Like I said a while back, I think they'll wait for a lot of factors to come in together in order to pick up with the FX/Phenom/Opteron (X86) line. And I also agree they're trying to make the APUs a thing for servers, but it's still in is infancy against a well established market of Xeons, Sun Blades (haha) and IBM Power CPUs. It will take a lot of time to switch the boat into the APU direction. HSA is the key component in that regard.

Also, I think once the money given to them for the research bears fruition, we'll have a more clear look on what AMD will do for real.

Cheers!
 


Intel's SMT implementation is actually even cheaper than 10% to add. Much lower (maybe 10% of a core, but not 10% of a whole die-- oh heck no!)

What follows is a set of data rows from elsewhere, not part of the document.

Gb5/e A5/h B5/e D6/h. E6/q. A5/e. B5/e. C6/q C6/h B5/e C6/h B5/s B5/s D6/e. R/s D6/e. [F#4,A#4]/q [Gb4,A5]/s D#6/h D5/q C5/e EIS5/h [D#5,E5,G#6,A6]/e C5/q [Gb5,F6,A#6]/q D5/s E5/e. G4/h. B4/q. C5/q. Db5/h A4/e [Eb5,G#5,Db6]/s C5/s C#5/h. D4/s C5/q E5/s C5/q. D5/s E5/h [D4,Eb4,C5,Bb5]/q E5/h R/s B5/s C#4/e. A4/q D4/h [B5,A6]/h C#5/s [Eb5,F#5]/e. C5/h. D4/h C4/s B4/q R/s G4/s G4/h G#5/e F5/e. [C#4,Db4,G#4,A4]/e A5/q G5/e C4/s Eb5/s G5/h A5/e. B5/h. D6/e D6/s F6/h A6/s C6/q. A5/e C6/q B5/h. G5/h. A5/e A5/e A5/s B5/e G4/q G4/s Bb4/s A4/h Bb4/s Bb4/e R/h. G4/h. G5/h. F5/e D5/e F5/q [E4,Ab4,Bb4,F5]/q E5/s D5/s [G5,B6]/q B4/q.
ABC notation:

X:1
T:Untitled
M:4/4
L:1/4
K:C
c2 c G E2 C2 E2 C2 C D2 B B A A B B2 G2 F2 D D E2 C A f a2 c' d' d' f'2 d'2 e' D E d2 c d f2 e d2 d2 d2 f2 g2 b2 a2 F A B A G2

AMD has a very funny way of moving forward. Programs are naturally becoming more and more threaded, and, when it comes to pure Integer performance; all 4 FX modules of an 8320 + their clock advantage can definitely beat an i5-4670K in something purely integer-based with all 4 FX modules at full steam.

It's when you throw in a vector or floating point instruction that things get very "slow" for the FX, and of course, only have a few integer EUs to rely on per core makes single or double threaded tasks a pure fright for Piledriver. Meanwhile, Intel has a massive amount of throughput potential for ANY calc type-- it has four integer EUs per core, 4 decoders, a total of 768-bits of pure floating point throughput (256 bitx3) per core-- and honestly, it's very powerful in comparison to even a full FX module.

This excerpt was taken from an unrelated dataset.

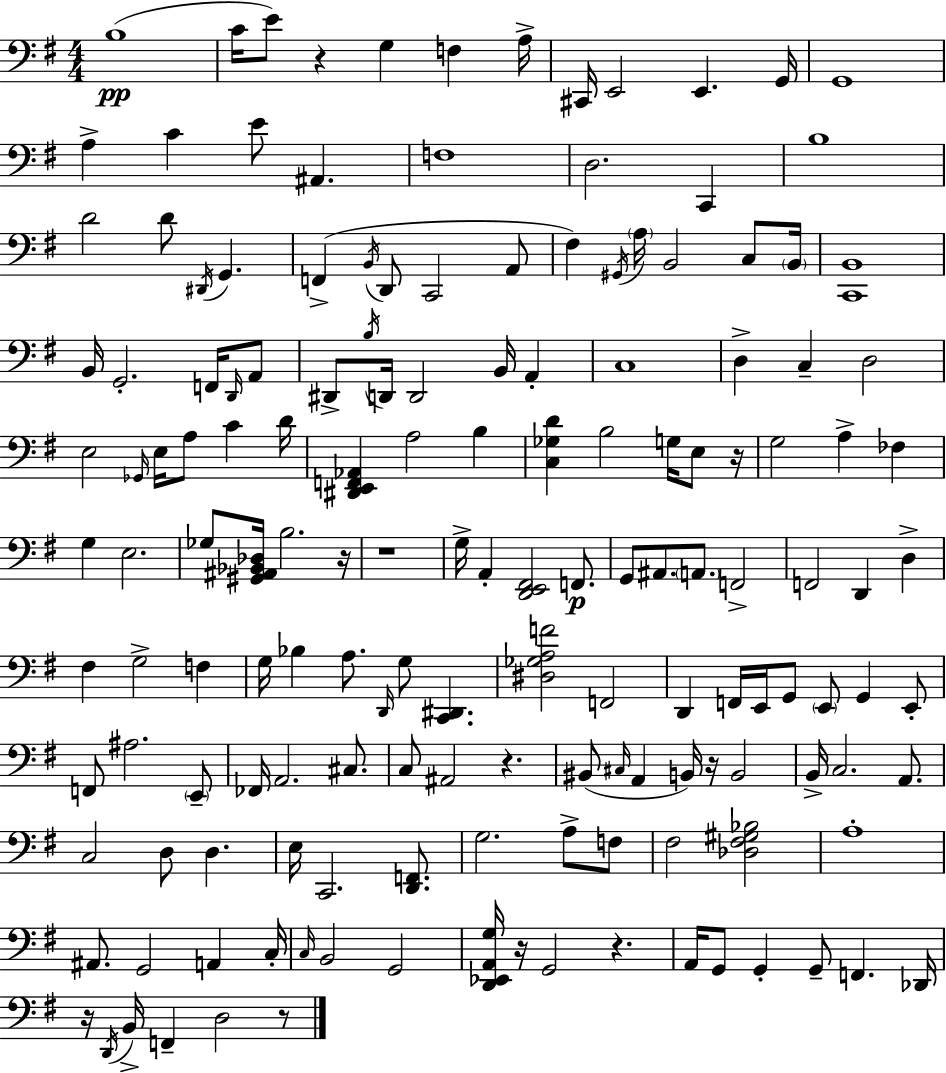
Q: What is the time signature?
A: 4/4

But lord, FX clocks easily and HIGH, and it has some ISA advantages...

It's a close battle, but in most cases, the i5 wins.
 
Kaveri, 20% faster on CPU workloads only compared to Richland... that pretty much fits the i5 2500k performance, but the i5 4670k would be about 15-20% faster than Kaveri, i think the performance gains are quite good and would put Kaveri 40-45% faster than my PhenomII x4 980, if FM2+ will be all long up to late 2015 i think i will just build a Kaveri System with a R9 280X, HSA and MANTLE will be worth it and most probably even be faster than a i7 3770k IN Gaming.

If Excavator APU will be FM2+ then i have another reason to stick to FM2+
 


I agree with you on that "dead" is not the correct word. AMD is maintaining the FX line until they have ready an APU replacement: a six-core or octo-core APU.

The desktop roadmaps are simply confirming information was leaked many months ago. E.g. the docs saying that the 9590 was the last FX CPU.
 


Excellent resume!! Under ordinary CPU workloads:

Kaveri ~ 80% of i5-4670k

Using MANTLE:

[ Kaveri + R9-290X ] ~ [ i7-4770k + R9-290X ]

MANTLE with HSA:

[ Kaveri + R9-290X ] > [ i7-4770k + R9-290X ]
 
I am having a very hard time believing this.

AMD basically just spend a ton of money and made all this effort to land all this pull in how games are developed and now they're going to turn around and make HSA feature only available to the sub $150 market for CPU + GPU? And then create Mantle for hardcore gamers where they're running Intel CPUs on a platform without HSA? Meaning that this 2015 roadmap just completely doomed HSA platforms to low end budget systems and mobile.

I was feeling optimistic about HSA but if that roadmap is true and this is what AMD is going to do, HSA is DOA and Mantle won't do anything at all to compliment HSA.

I really don't understand how it would make sense to abandon a market where you have a significant software advantage which adds massive amounts of value to a product only to go compete in a very difficult market.

@gamerK Yes I know the memory subsystems are different, but in the past you had different memory subsystems as well as different chips in general. My point was that even though xbone and ps4 are somewhat different, they are significantly more similar than 360 and ps3. It should be significantly simpler to make a multi-platform game that how it was on the past.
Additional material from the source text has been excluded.